John: Absolutely. Yeah. I think they’re also probably some of the most soft-spoken within the communities. They’re the ones that don’t vocalize. And so you’re hoping that the design team is able to advocate for those players within the design. And I mean, it’s always a challenge when you’re in kind of meeting space and you’ve got a number of people around the table and the most soft-spoken one may not be the one or maybe the one that needs to actually be saying the most. So, we try to encourage engagement at many different levels and in terms of kind of how we go about, whether it’s through kind of community design where you’re going to specific communities themselves, we have a project up in Western North York where we had a meeting at a community center, but then we also actually went out to the local high school and actually had a session there with all the students that would be engaging within that building complex. But you get the feeling that there’s also a lot of people that might not have come out. And so there were online surveys that we tried to put out as well, and I’m trying to, again, it’s how do you engage the people that are not really wanting to be engaged?

Jutta: Well, one of the things that we’ve certainly heard from communities that we try to engage is that there is either some consultation fatigue within the disability community, there are five groupings that people like to check off. We’ve encouraged or we’ve had the participation of someone who’s blind, someone who is deaf, et cetera. So designing participation and giving voice to people who may not have the resources or have been excluded from the decision-making table before is a big part of what we focus on inclusive design. How do we design the table? How do we determine who’s missing? How do we bring people in to help us design a table, meaning a decision-making table that would include their perspective and would respect their perspective? What types of strategies do you use?

John: I mean, in terms of the strategies that we try to employ, it’s as broad a tool kit as you can possibly imagine. It’s online surveys, it’s mail outs, it’s creating a website, creating a social media presence, hands-on where we’ll have a big community meeting and we’ll be out there on forces, get a third of the office out just to basically meet with people and talk with them and try to understand what they desire and supply food and drink so that they can actually be there with their families as well so that the kids aren’t too bored. You got to become a part of the community almost to really engage with it. And it’s super interesting when you start to kind of anticipate and what do we need to do now. One interesting thought that I’ve seen over the past soft of while is this idea of community resilience.

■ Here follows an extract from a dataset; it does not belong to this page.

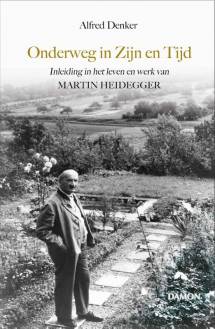 Onderweg in Zijn en Tijd, Inleiding in het leven en werk van Martin Heidegger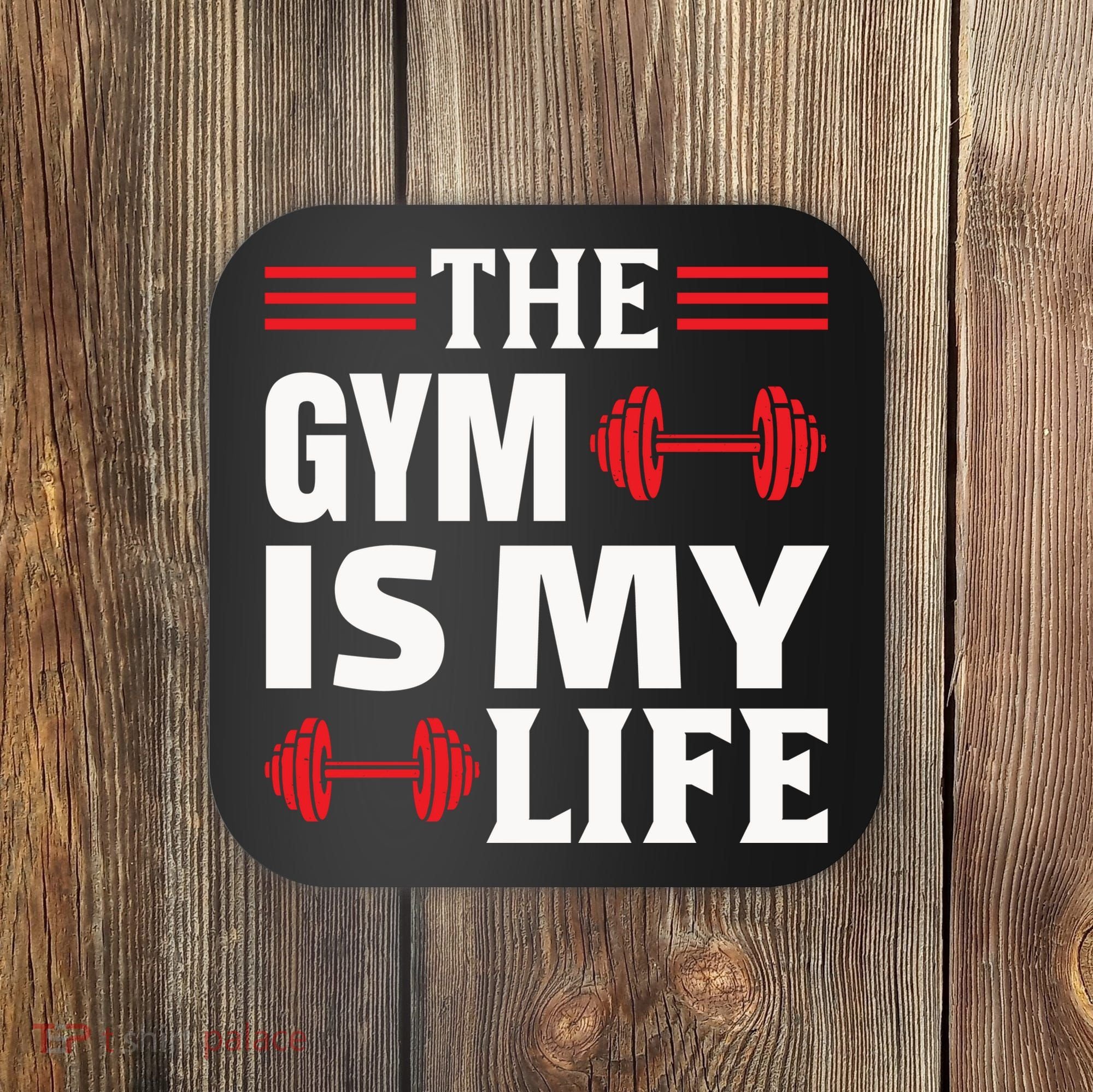 The Gym Is My Life Coaster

Jutta Treviranus and John Peterson in the Quantization Studio

John: But when we design these buildings, for the community to be an active member and kind of enhancing but sometimes there’s organizational resilience, which is a really super interesting conversation to have and this is like, is there a potential there where you can actually help the community organize themselves so that they can better serve and be resilient for themselves and so like getting understanding whether there’s an elder or ageing population that comes in and they need to meet more regularly and you design maybe I don’t want to say you’re designing the group but it help the community organize themselves to become a little bit more resilient, especially when it comes to in times of emergency and it’s like if there is a power outage and this person hasn’t been seen for a couple of days, how do you go about in those moments of crisis, pick up the phone or knock on that door to find out if that person is okay.

Jutta: Right. Yeah. We have a strategy that we call embedded co-design where what we do is we create a kit that helps community organizations to co-designer, to be able to articulate and capture what it is that they require. It sounds like you’re using similar tactics.

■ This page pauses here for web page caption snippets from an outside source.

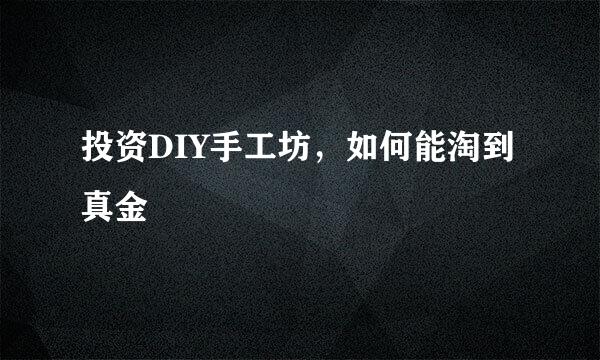 投资DIY手工坊，如何能淘到真金
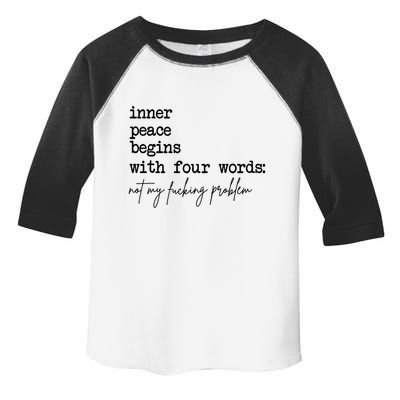 Inner Peace Begins With Four Words Not My Fking Problem T Toddler Fine Jersey T-Shirt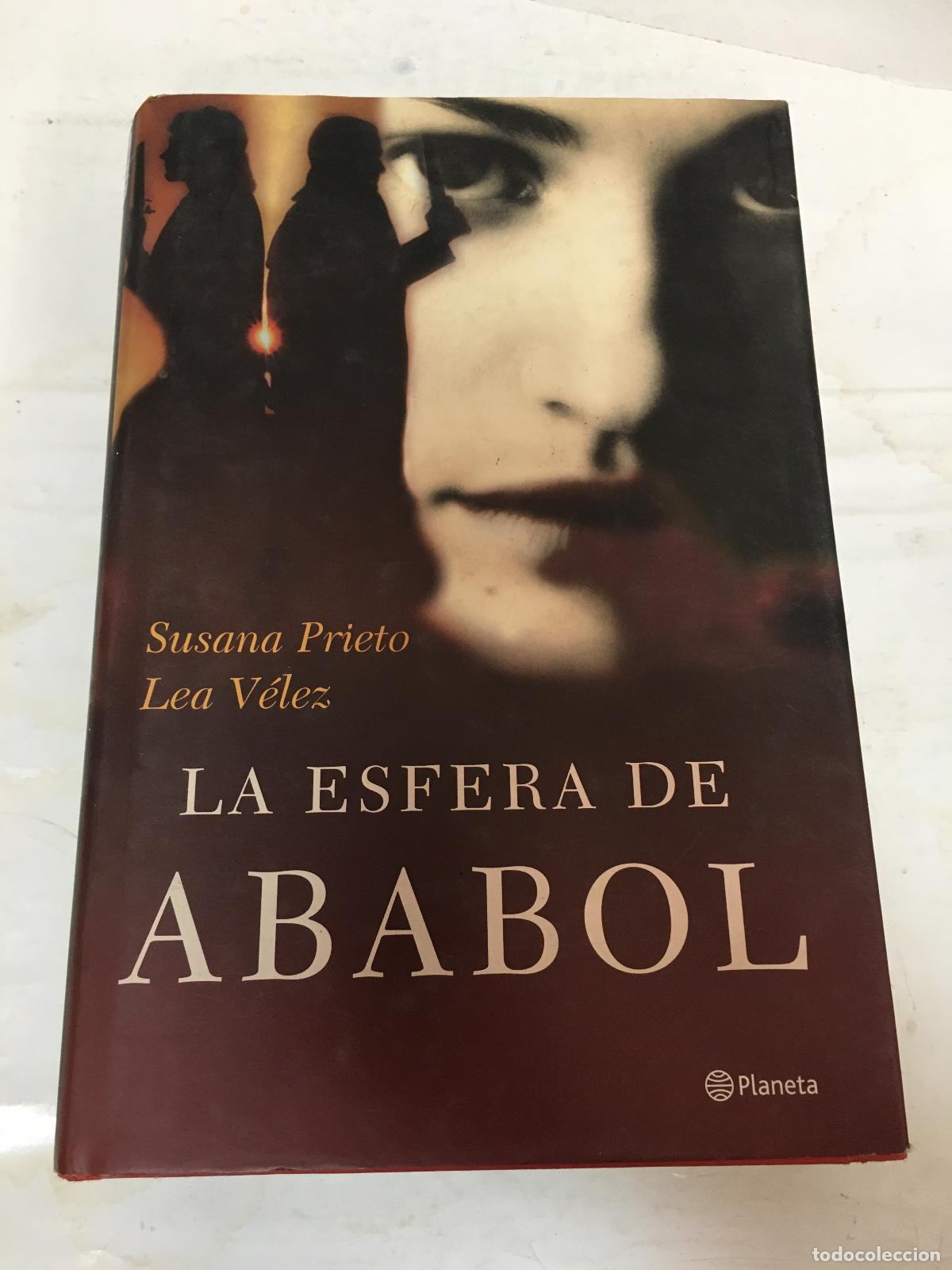 Libri di seconda mano: La esfera de Ababol - Susana Prieto / Lea Velez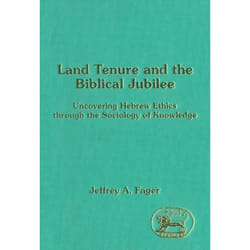 ISBN Land Tenure and the Biblical Jubilee (Uncovering Hebrew Ethics through the Sociology of Knowledge) livre Religion Anglais Couverture rigide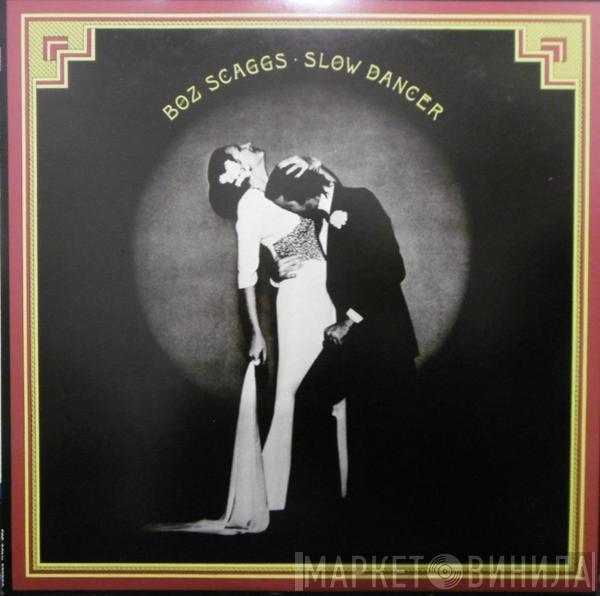  Boz Scaggs  - Slow Dancer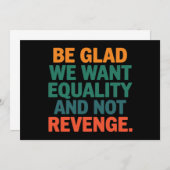 Wees blij dat we gelijkheid willen en geen wraakre kaart (Voorkant / Achterkant)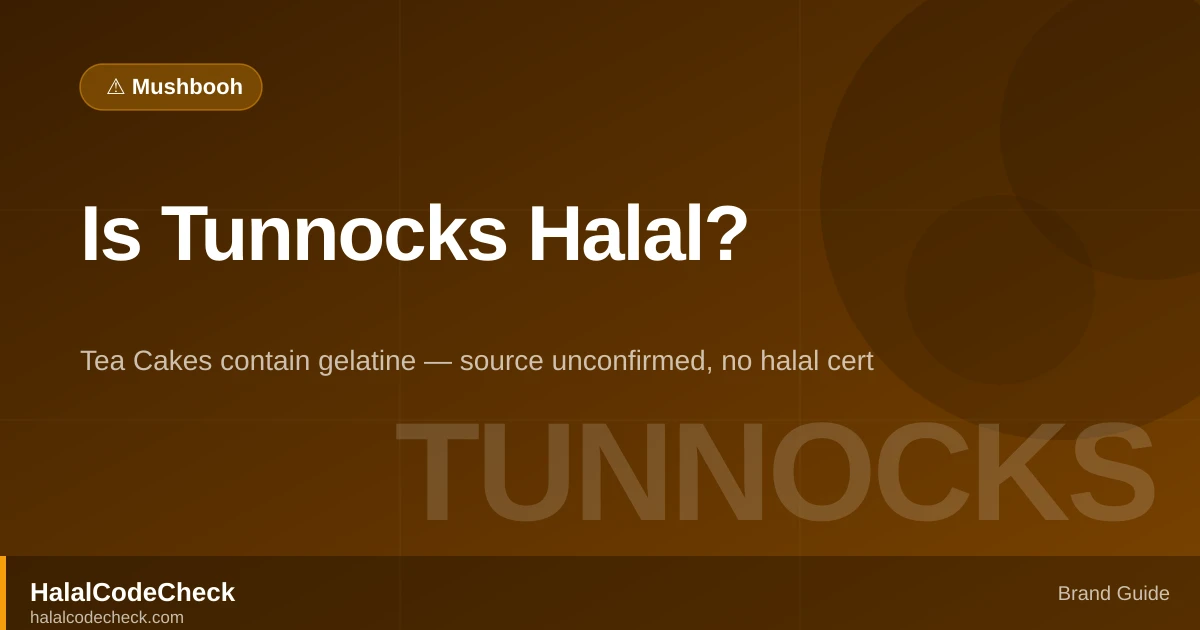 Is Tunnock's Halal? — HalalCodeCheck Brand Guide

John: Yeah. Well, I mean, we haven’t been able to use this one in particular, but I know it’s something that we’ve been talking about internally. And I’m excited to think about what that means for the next building that we designed. And the idea of enhancing community especially kind of talking about future climate. I mean, the modelled pieces that the City of Toronto has gone ahead and hired consultants to actually predict what the future climate is going to be by 2050. It’s startling to see the shift of what we’re looking at. And the design of buildings that we’re doing now should function just well enough for that same future climate. And when you’re talking about changing complete climate zones within that in the next 20 years, 30 years, it’s really quite startling. So you hope that using the best passive strategies you can possibly use will actually make the building flexible and adaptive to those and future climates and making sure that you’re not creating something that’s going to be a bit of a burden to the community later on.

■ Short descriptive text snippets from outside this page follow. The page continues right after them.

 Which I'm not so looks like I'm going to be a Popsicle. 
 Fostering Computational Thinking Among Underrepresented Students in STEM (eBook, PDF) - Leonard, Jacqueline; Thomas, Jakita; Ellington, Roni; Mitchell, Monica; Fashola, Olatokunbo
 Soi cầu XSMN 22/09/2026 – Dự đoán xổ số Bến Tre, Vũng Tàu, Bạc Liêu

Jutta: So most of our work at the moment is in the digital space where there is much more opportunity for something that is adaptable, that’s mutable, that’s plastic, where you can have behaviours that change over time. Are there similar things within architecture, or within the industrial design or community design?

John: Well, I mean, architecture is a very digitally adept profession, particularly within the kind of practices that are particularly interested in this aspect of responding to climate change. Being able to kind of actively using data and metrics to kind of drive some design aspirations within the project, and understanding what impact that gesture is going to have in terms of the use of the space, in terms of how it operates or is it a detriment to it later on down the road. I think these digital files or whether they be a building information model, or even just something as dumb as a small graphic model, I think they all have their influence within the projects, and particularly how we put them into analysis software so that we can better understand where they’re going to fit and when they get built, as well as in another 20 years in that future climate.

Jutta: So these are predictive models that you use to plan and then execute the design of the building?

John: Exactly. Yeah.

Jutta: Do you anticipate that there will be greater use of designs that can respond to changes, that can respond to … So I know there’s been a discussion of things like 4D printing or embedding behavioural aspects into a variety of different structures within buildings. Is that actually coming to fruition in any way?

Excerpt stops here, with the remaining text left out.